Araştırmacılığı, geçmişte yapılan çalışmaları öğrenerek, analiz ederek, yargılayarak ya da özümseyerek, bir adım daha ilerletip geleceğe taşımak olarak nitelendirip, bu noktada kabaca geçmişten geleceği yaratmak ya da bir konu hakkında somut bir sonuca ulaşmak amacını taşıyan çalışmalar bütünü olarak da görebiliriz.

Bu durumda; Kent Araştırmacısı’nı, «bilgi ya da gerçekleri ortaya çıkarmak ve doğrulamak amacıyla belirli bir kent ve hinterlandında sistematik bir şekilde araştırma yapan ve araştırma bulgularını kamuoyu ile paylaşan kimse» olarak tanımlayabiliriz.

Neden Araştırmacı Olunur?

İnsanın bilinmeyene merakı, fıtrî (doğuştan gelen) karakter özelliklerindendir. Bazı insanlarda bu merak yaşamın anlamı ve gayesine dönüşebilir. Araştırmacı olma nedenleri kişilere göre farklılık arz eder. IQ düzeyinin yüksekliği onu bu alana yönlendirebilir. Asosyal kişiliği vardır ve bir araştırma laboratuarında bağımsız çalışmayı yeğleyebilir. Akademisyenler, dergi çıkaranlar gibi mesleği icabı para karşılığı bu işi yapıyor olabilir. Adrenalin düzeyini arttırıcı gizemli uğraşlar onu mutlu kıldığından araştırmacı gazeteci kimliğinde kendini bulabilir. Egosunu tatmin etmek maksadıyla asıl mesleği olmadığı halde toplumda saygın bir yer edinmek adına kendini bu işe amatörce vakfetmiş olabilir. Kim bilir belki de eli kalem tutmanın ötesinde başka özel bir beceriye sahip olmadığından araştırma formasyonuyla toplumda bir yer edinebilir. Ve son olarak mucit karakterde doğmuş olabilir.

Araştırmacılık Yaşantınızda Sizi Tetikleyen İlk Kıvılcım Ne Oldu?
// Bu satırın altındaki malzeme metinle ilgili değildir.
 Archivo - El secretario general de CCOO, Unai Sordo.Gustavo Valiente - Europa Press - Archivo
1991 yılına kadar meslekî titrime uygun olarak Orman Endüstri Mühendisliği alanında araştırmalar yapıp birikimlerimi dergilerde makale, gazetelerde köşe yazıları, kongrelerde tebliğ olarak sundum ve tümünü yazdığım ama yayımlama şansı bulamadığım 4 meslekî kitapta topladım. 1991 yılı Mayıs ayında Bolu İzzet Baysal Caddesi’nde gördüğüm bir “Ünye Evleri Fotoğraf Sergisi” beni tetikleyen ilk kıvılcım olmuştur. Sergiyi açan hemşehrim Eren TOKGÖZ Beyefendi İnşaat Mühendisi idi. Sergiden çok etkilenmiştim. Madem bu etkinlikte başarı yakalanmıştı neden ben yılların birikimiyle becerimi memleketim ve Anadolu hayranlığımı yansıtacak biçimde kullanmayayım diye düşünerek önce hayranı olduğum Zile Kültürü’nü işlemekle işe başladım ve ardından Ünye kültürüne odaklandım. Yıllarca her iki hinterlanda ait tarihî ve kültürel gayretlerimi sanal âlemin verdiği imkânları da tepe tepe kullanarak sürdürmeyi başardım.
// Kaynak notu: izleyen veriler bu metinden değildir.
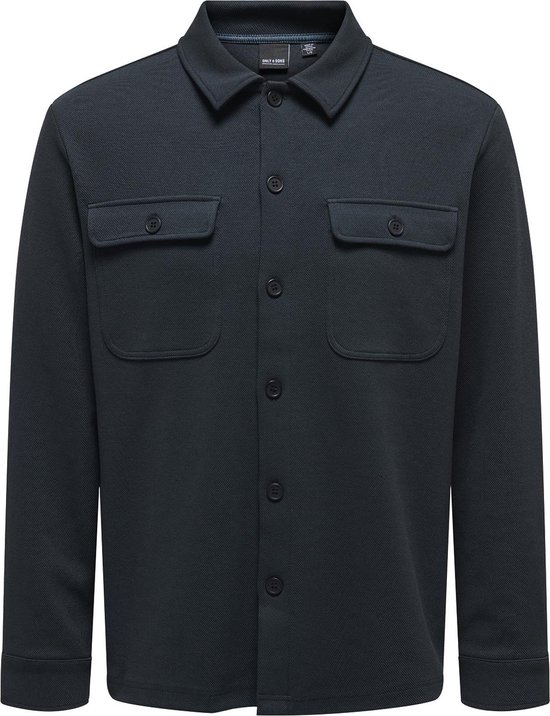 ONLY & SONS ONSNEWKODYL OVERSHIRT SWEAT NOOS Heren Overhemd - Dark Navy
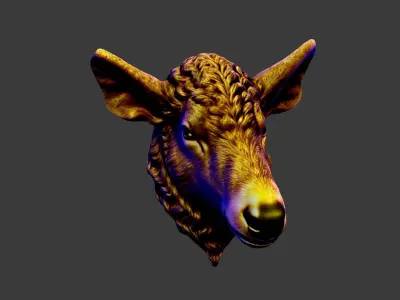 Animal Head Low-poly 3D model purchase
Araştırmacılar Neleri Kaynak Olarak Kullanırlar?

Resmî ve özel kütüphaneler ile sahaflardan uzak duramayan araştırmacılar için birçok kaynak adresi vermek mümkündür. Antik Çağ yazılı, görsel ve mimarî eserleri, roman, seyahatname, ansiklopedi, sözlük, tarihî romanlar, vakanüvis defterleri, ferman ve beratlar, buyrultular, mezar ve duvar kitâbeleri, salnâmeler, tahrir defterleri, vakıfnâmeler, gazete, dergi ve bültenler gibi yazılı literatür, yabancı dilde yazılmış eserler, sanatsal, tarihî, mimarî ve nümizmatik eserler, resim ve fotoğraflar, harita ve krokiler, belgeler, arşiv dokümanları, buluntular, kitâbeler, cönkler, yazıtlar ve görsel / sesli video ve bant kayıtları vb. şeklinde belirleyebileceğimiz kaynakların dışında canlı ve sözlü aktarımlar dediğimiz insanlarla yapılan söyleşiler, müzik ve dinletilerden elde edilen kayıt bilgileri ile mezatlardan temin edilen kitap, dergi benzeri arşiv materyalleri araştırmacılar için kaynak oluştururlar.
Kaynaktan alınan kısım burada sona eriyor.